Source: The Motley Fool

Businesses have been paying the tolls of Visa and Mastercard's credit-card networks for decades. But Paystand CEO Jeremy Almond is building a much more innovative payment infrastructure.

Visa (NYSE:V) and Mastercard (NYSE:MA) have long been investor favorites. They've built financial empires on a payment method accepted at tens of millions of locations across the world. They're used by billions of people and process trillions of dollars of annual volume. They sport multi-hundred-billion-dollar market caps that have risen significantly in recent years.

In analyst parlance, they have very strong competitive moats. And as open-loop payment facilitators, they can operate at very high profit margins without taking on credit risk of their own.

But let's also look at the other side of the coin. Not everyone loves the credit card companies quite as much as investors.

One group that's a bit less enthusiastic is the merchants who actually accept the cards. Visa and Mastercard charge fees for facilitating transactions. Other fees are charged by the banks issuing and receiving the payments. Merchants have quietly grumbled about losing around 3% of every sale so consumers can have the convenience of using their credit cards.

Altogether, those fees are really adding up. Businesses are now bearing a burden of tens of billions of dollars every year, just to transfer money across our existing payments infrastructure.

"Payments as a service"

As you might expect, an opportunity to disrupt a market worth that much money is attracting innovative solutions -- especially in the business-to-business world, where the magnitude of the invoices is higher and the potential savings are greater.

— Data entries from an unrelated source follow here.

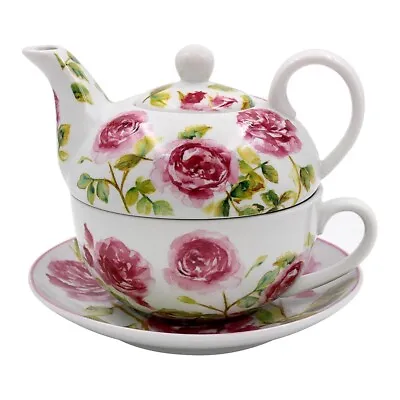 Buy Rose Garden Pink Floral Tea For One Teapot Cup And Saucer Set Gift Boxed • 20.95£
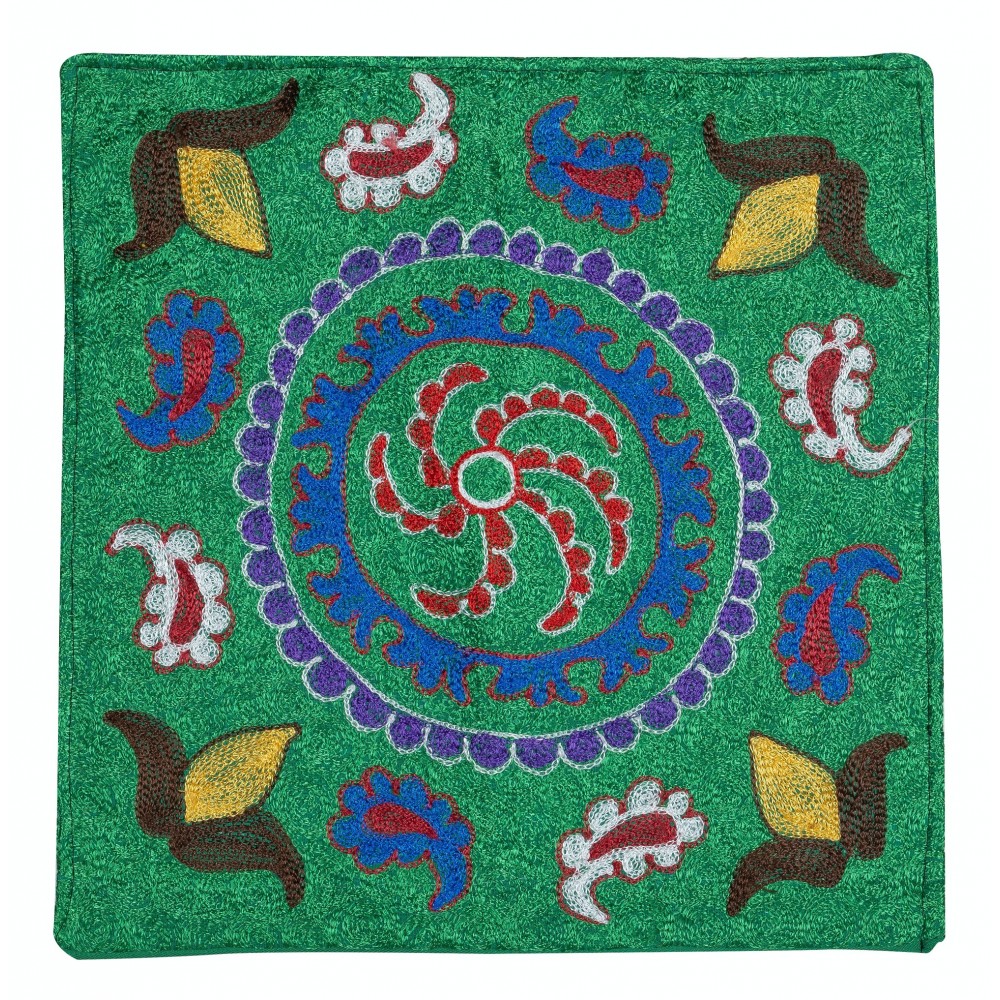 Silk Embroidery Cushion Cover. Modern Throw Pillow Cover. Green Pillowcase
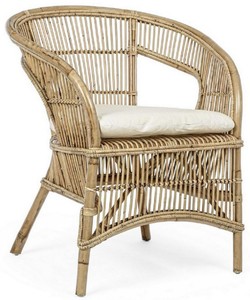 Luxus Garten Terrassen Rattan Sessel Naturfarben Weiß Luxury Garden Patio Rattan Armchair Natural White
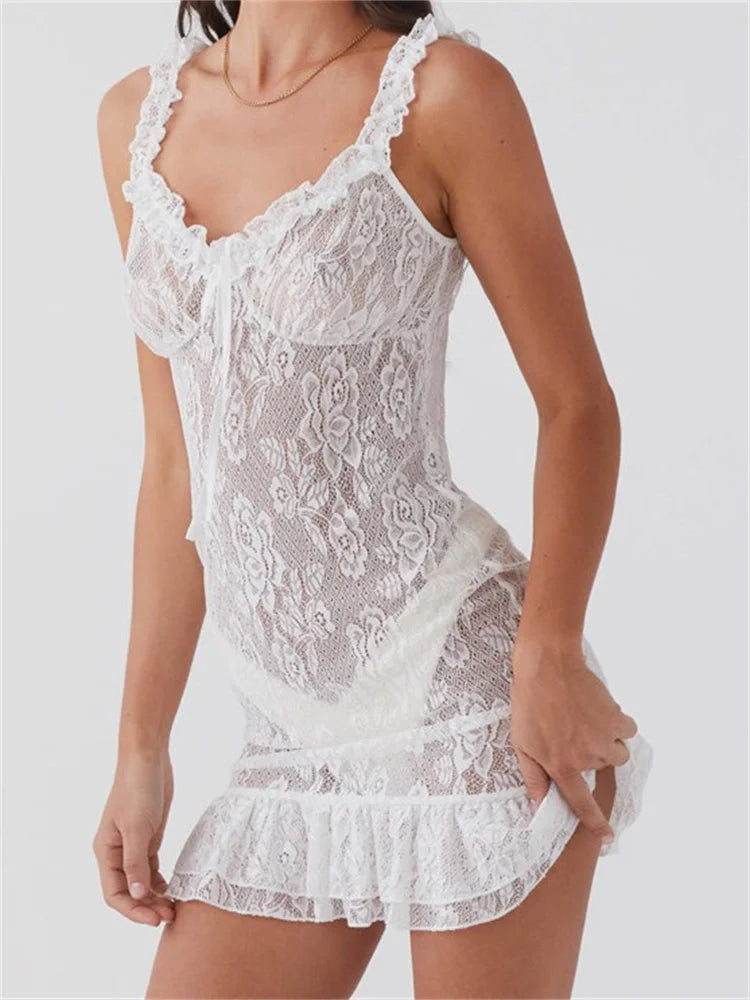 Sexy V-neck Backless Lace Slim Fit Mini Dresses Fashionable Party Mini Dress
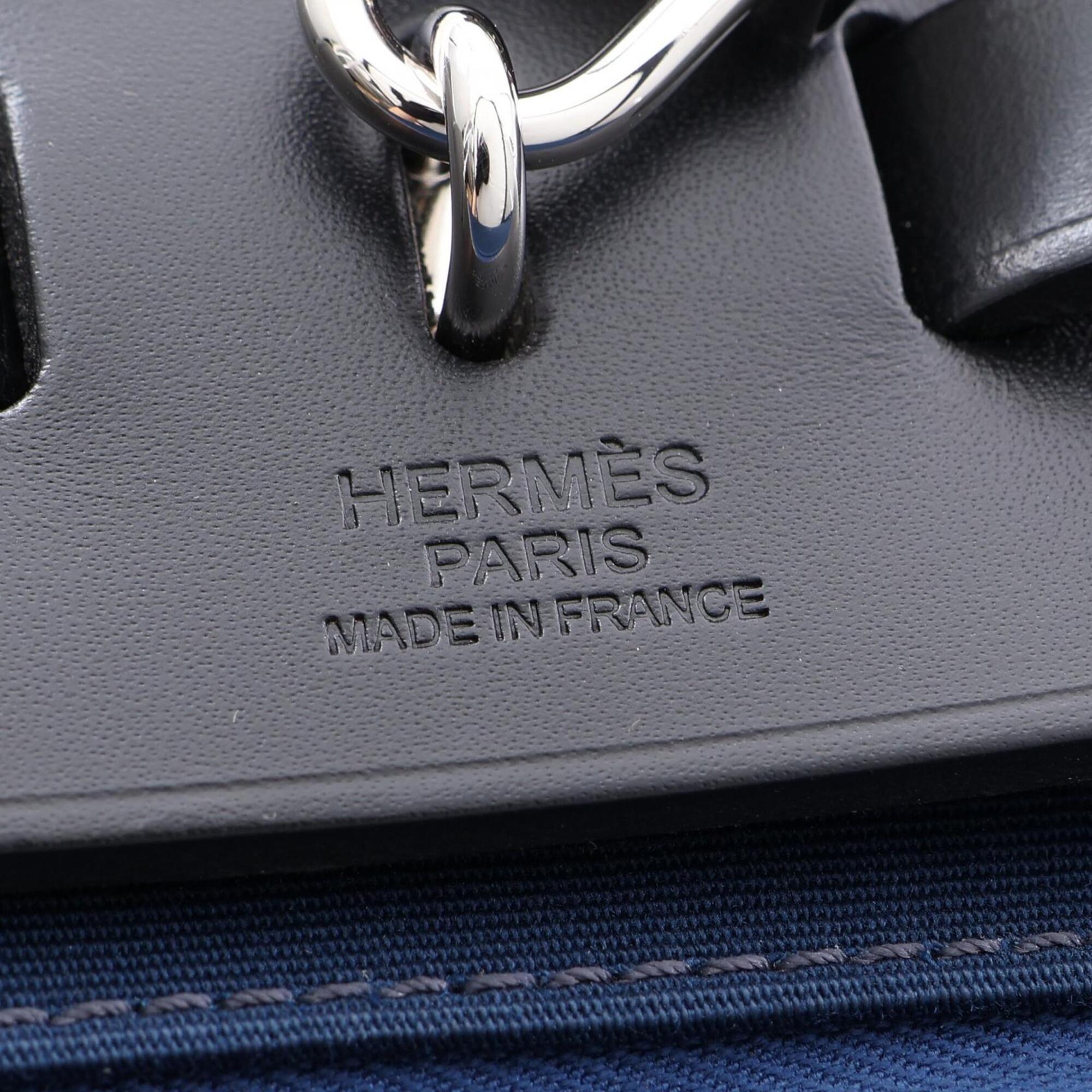 Hermes Black Navy Canvas Leather Handbag (Pre-Owned)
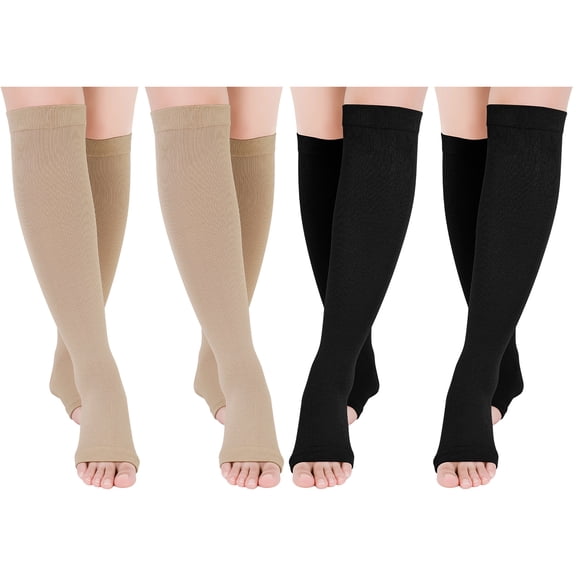 Hengguang 4 Pairs L/XL Size Open Toe Compression Socks, 20-30mmHg Knee High Stockings for Running, Work, Pregnancy – Varicose Veins & Circulation Support (Black/Beige)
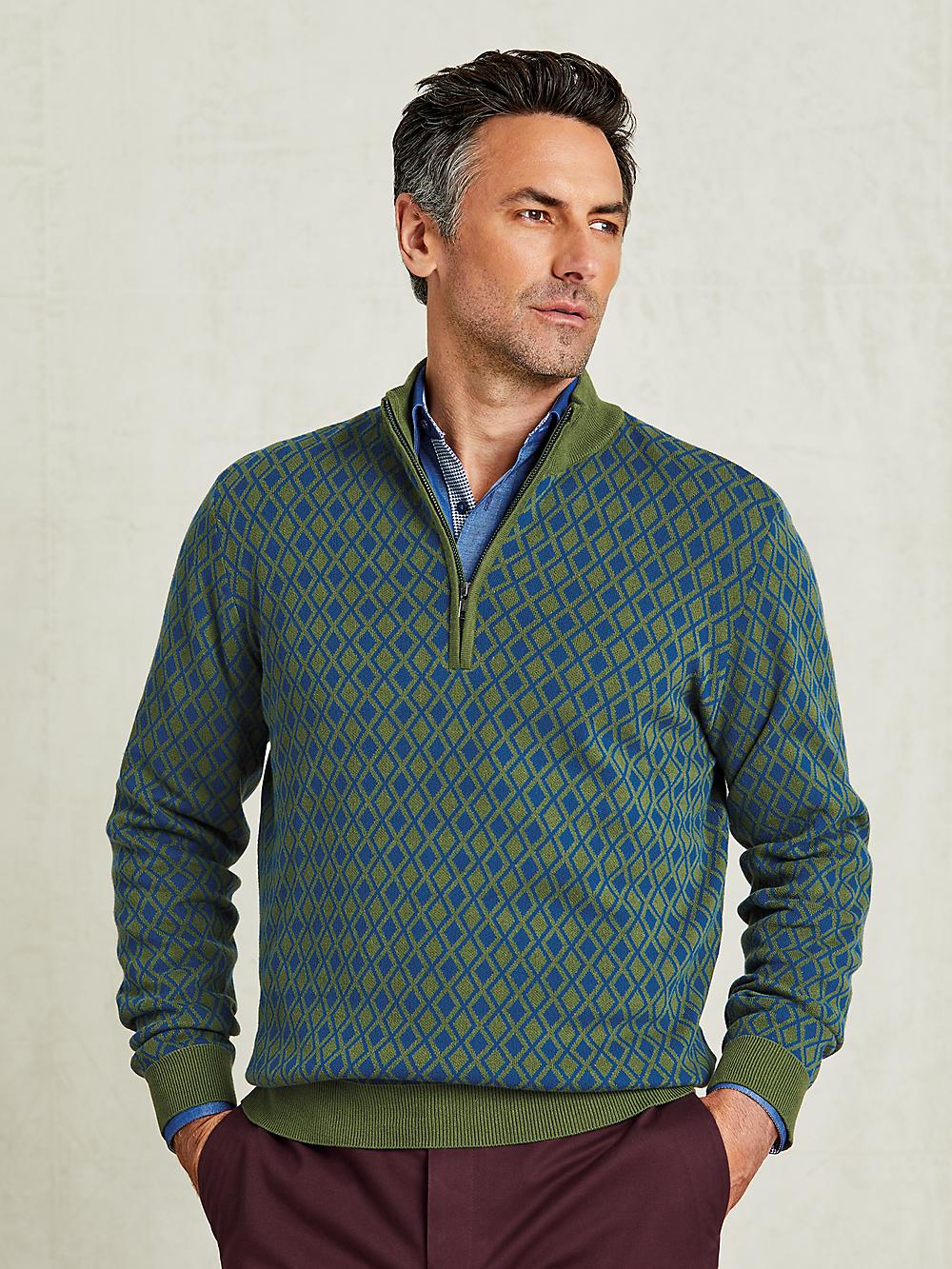 Cotton Quarter Zip Mock Neck Sweater - Olive Product Image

I even made the case in this piece that the payments industry badly needs a revolution. And it seems we're finally seeing some new contenders for the title of instigator.

One company taking on the challenge is Paystand, which provides a more efficient way for companies to move capital. Its payments platform is building a new underlying infrastructure, one that can support unlimited financial transactions for a fixed monthly cost.

If they use Paystand for credit card transactions, customers are still on the hook for the banks' wholesale rates. But they avoid paying the per-transaction fees negotiated by Visa or Mastercard, and they pay no variable fees at all -- only the cost of the fixed monthly software subscription. Payments processed through the Paystand Bank Network are also recorded on its enterprise blockchain, which ensures that the transactions are free from tampering.